What needs to be done:
Transcribe the entries below exactly, starting with the line that has "Kabelontlastingsbeugel 09185349002 HARTING" and stopping after the line that has "Dans le Var, 870"; no pictures belong in the copy.

Records for the task:
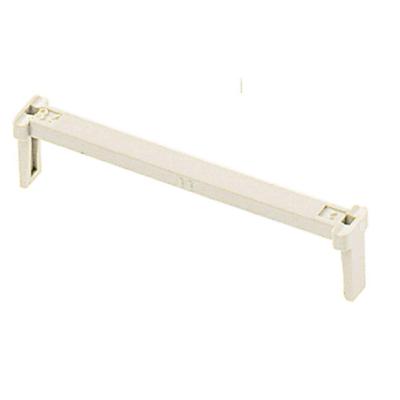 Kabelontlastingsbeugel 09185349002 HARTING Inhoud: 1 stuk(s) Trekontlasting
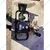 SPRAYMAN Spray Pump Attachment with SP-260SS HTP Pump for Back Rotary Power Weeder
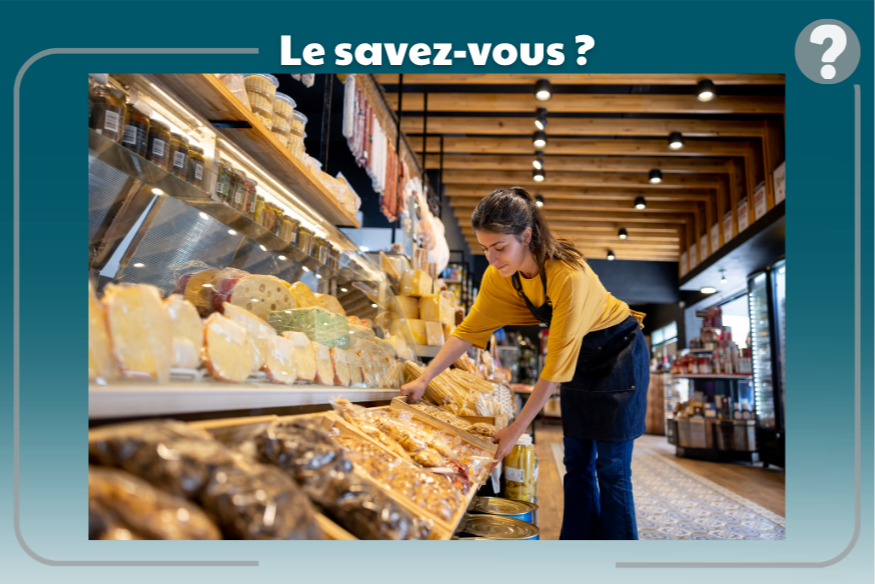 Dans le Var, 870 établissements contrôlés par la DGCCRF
==
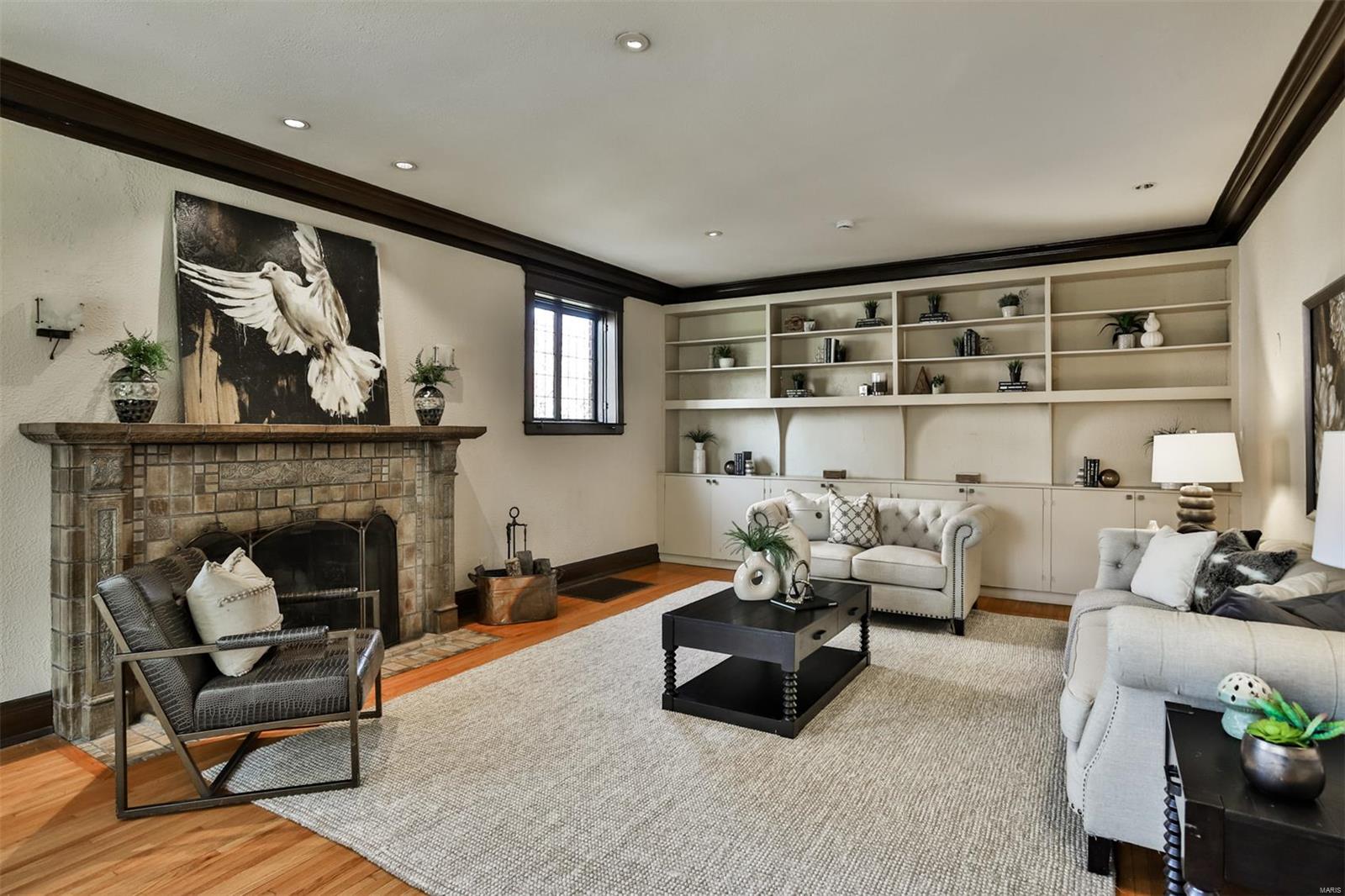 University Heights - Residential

Exercise response:
 Kabelontlastingsbeugel 09185349002 HARTING Inhoud: 1 stuk(s) Trekontlasting
 SPRAYMAN Spray Pump Attachment with SP-260SS HTP Pump for Back Rotary Power Weeder
 Dans le Var, 870 établissements contrôlés par la DGCCRF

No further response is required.